The next screen snapshot demonstrates this.

Running the command described above and demonstrated in the screen snapshot leads to Java classes being generated in a Java package in the src directory called dustin.examples.l4fj1 that allow for unmarshalling from log4j.dtd-compliant XML and for marshalling to log4j.dtd-compliant XML.

Log4j 2.x : Log4j-config.xsd

Log4j 2.x's XML configuration can be either "concise" or "strict" and I need to use "strict" in this post because that is the form that uses a grammar defined by the W3C XML Schema file Log4j-config.xsd and I need a schema to generate Java classes with JAXB. The following command can be run against this XML Schema to generate Java classes representing Log4j2 strict XML.

    xjc -p dustin.examples.l4j2 -d src Log4j-config.xsd -b l4j2.jxb

Running the above command leads to Java classes being generated in a Java package in the src directory called dustin.examples.l4j2 that allow for unmarshalling from Log4j-config.xsd-compliant XML and for marshalling to Log4j-config.xsd-compliant XML.

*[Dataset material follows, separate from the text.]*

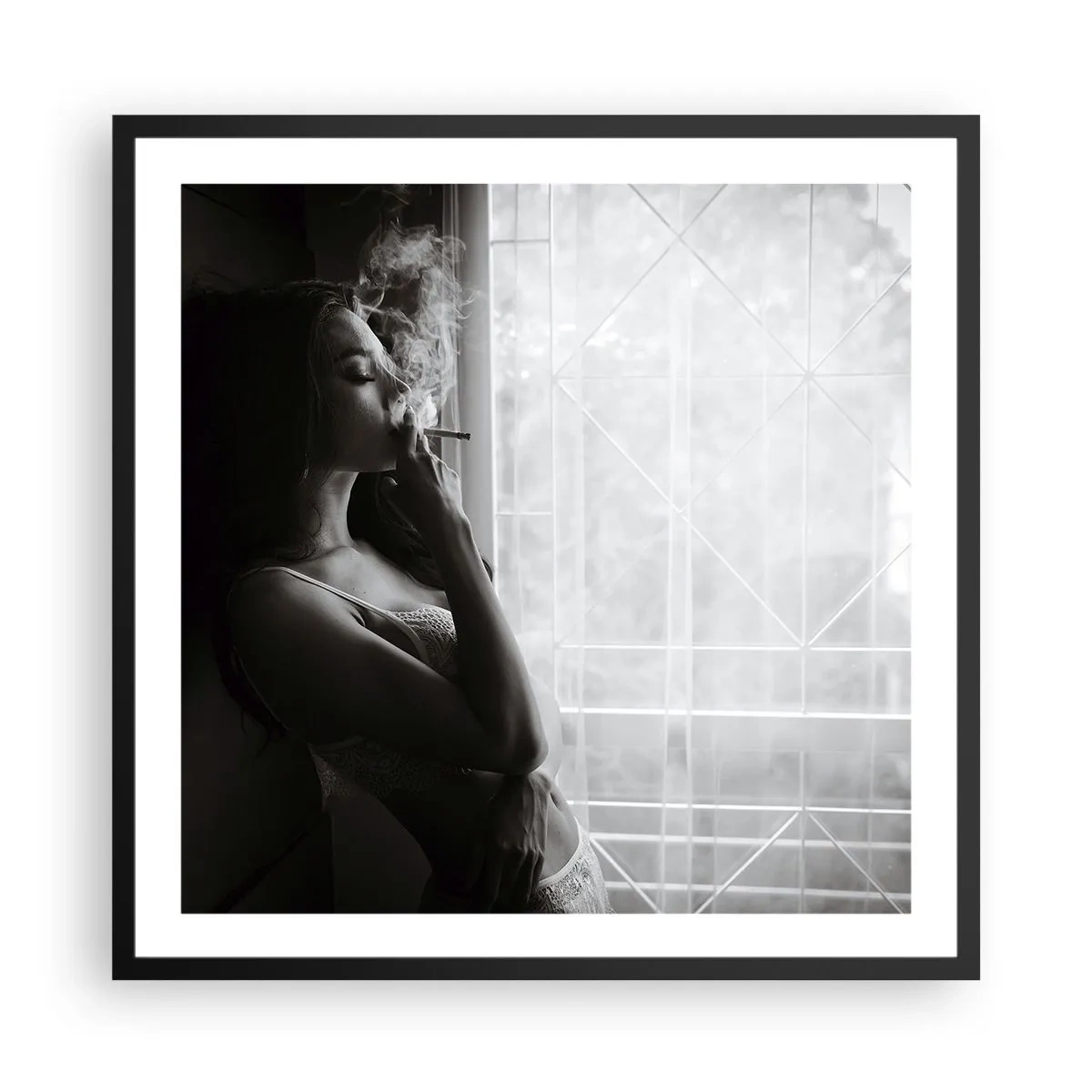 Poster în ramă neagră - Un moment senzual - 60x60 cm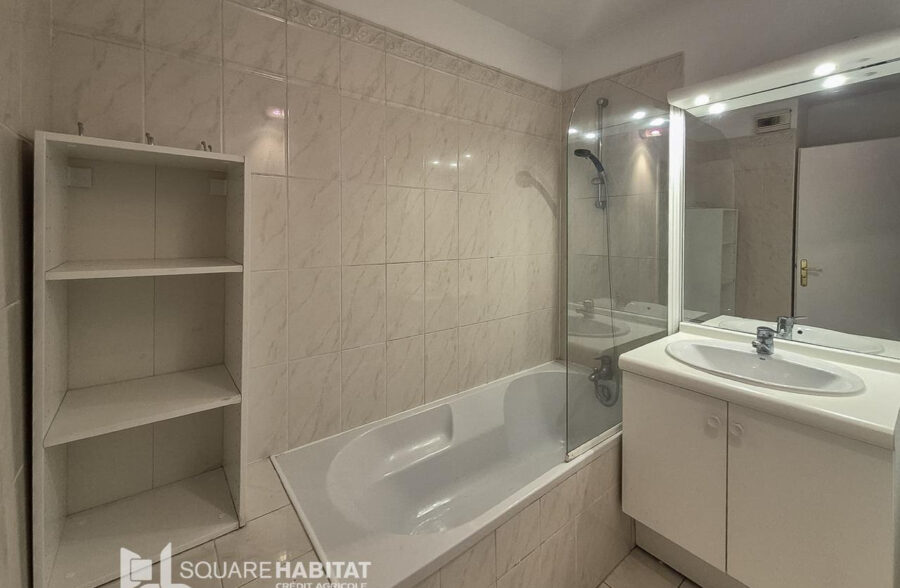 VIEUX LILLE- APPARTEMENT DE 57 M² AVEC TERRASSE DE 27M² – BOX ET CAVE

In the previous example, I included a JAXB binding file with the option -b followed by the name of the binding file (-b l4j2.jxb). This binding was needed to avoid an error that prevented xjc from generated Log4j 2.x-compliant Java classes with the error message, "Property "Value" is already defined. Use <jaxb:property> to resolve this conflict." This issue and how to resolve it are discussed in A Brit in Bermuda's post Property "Value" is already defined. Use to resolve this conflict. The source for the JAXB binding file I used here is shown next.

l4j2.jxb

<jxb:bindings version="2.0"
              xmlns:jxb="http://java.sun.com/xml/ns/jaxb"
              xmlns:xsd="http://www.w3.org/2001/XMLSchema">
   <jxb:bindings schemaLocation="Log4j-config.xsd" node="/xsd:schema">
      <jxb:bindings node="//xsd:complexType[@name='KeyValuePairType']">
         <jxb:bindings node=".//xsd:attribute[@name='value']">
            <jxb:property name="pairValue"/>
         </jxb:bindings>
      </jxb:bindings>
   </jxb:bindings>
</jxb:bindings>

The JAXB binding file just shown allows xjc to successfully parse the XSD and generate the Java classes. The one small price to pay (besides writing and referencing the binding file) is that the "value" attribute of the KeyValuePairType will need to be accessed in the Java class as a field named pairValue instead of value.

Unmarshalling Log4j 1.x XML

A potential use case for working with JAXB-generated classes for Log4j 1.x's log4j.dtd and Log4j 2.x's Log-config.xsd is conversion of Log4j 1.x XML configuration files to Log4j 2.x "strict" XML configuration files. In this situation, one would need to unmarshall Log4j 1.x log4j.dtd-compliant XML and marshall Log4j 2.x Log4j-config.xsd-compliant XML.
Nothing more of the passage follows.